Saturday, 13 November 2010
Ah, the nap. One of my favourite mid-life discoveries. I was too energetic, antsy and - let's face it - caffeine fueled to appreciate the art of napping until I hit my 30's; now that I'm in my 41st year, I find that napping is one of those under appreciated pleasures I simply cannot live without.
To those of you who might say that napping's not an art, or that it's a luxury few can afford, I acknowledge that the pursuit of the perfect nap is not unlike the pursuit of the perfect cup of coffee: elusive and often disappointing, but oh so satisfying when you do find it.

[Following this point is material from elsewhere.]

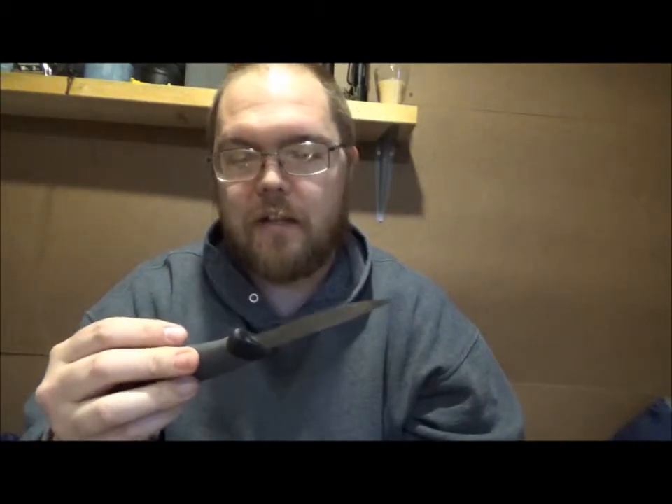It's just like every other Mora — nice and sharp, stainless. So it's good to go. Talk to y'all later.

To me, a really good nap has to be unplanned. It's not something you thumb into your BlackBerry calendar or block off on your day planner. A truly gratifying nap can only occur when you stumble upon a block of time in your day that you suddenly realize can in fact be sacrificed to the gods of slumber.

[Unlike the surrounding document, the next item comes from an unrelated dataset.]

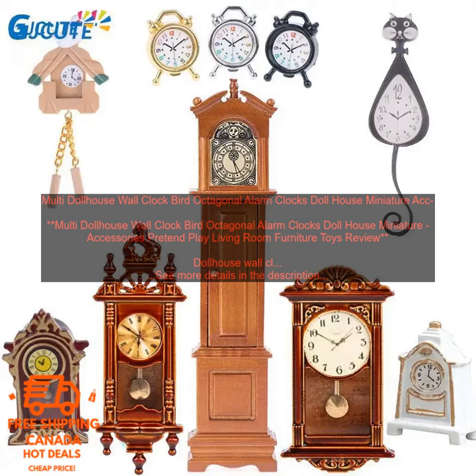Cons: May be too small for some dollhouses, and battery is not included.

A nap should be at least 20 minutes long. But snore for longer than an hour and you'll wake up feeling more sloggy than refreshed. Snoozing should enhance your evening sleep, not supplant it. But the 20 minute thing is what makes napping so accessible. We can all find 20 minutes in our day. We just have to be willing to look for it, and sacrifice it on the altar of sleep.
I don't think you have to have kids to fully appreciate the restorative powers of a good nap, but it helps. After Jade came along, I quickly learned that crusty dishes, mountains of laundry, dust elephants and full email inboxes all paled in comparison to a snooze on the couch with her nestled snugly on my chest. I couldn't have survived the long nightly nursing sessions without those treasured daily naps. Baby Dylan's arrival has helped me rediscover the beauty of a good sleep, housework be damned! When I spy him snoring away with his arms thrown over his head in that utterly vulnerable, utterly content way only children have, I remember the inherent pleasure of a good nap and lay down beside him to partake of some zzzzs.
There's a good deal of guilt one has to overcome in order to perfect the art of napping. In this age of addictive social networking, high self-expectations and super-parenting, it's hard to stay offline, pursue a career, keep the house looking beautiful and dream up new ways to educationally entertain your kids. Naps? Ha! Those are for lonely, lazy people! Underachieving slackers! People who don't eat right or work out enough! Right?
Well, all I can tell you is that even on my most energetic days, naps have saved my sanity countless times and become a simple act of self-preservation. I come up with some of my most creative ideas as I'm drifting off to happy nappy land. I'm a better spouse and mother when I've taken that precious time out of my day to recharge. Trust me: napping is more than just an art we should all attempt to master. It's a life preserver in our hectic, scary-busy sea of life.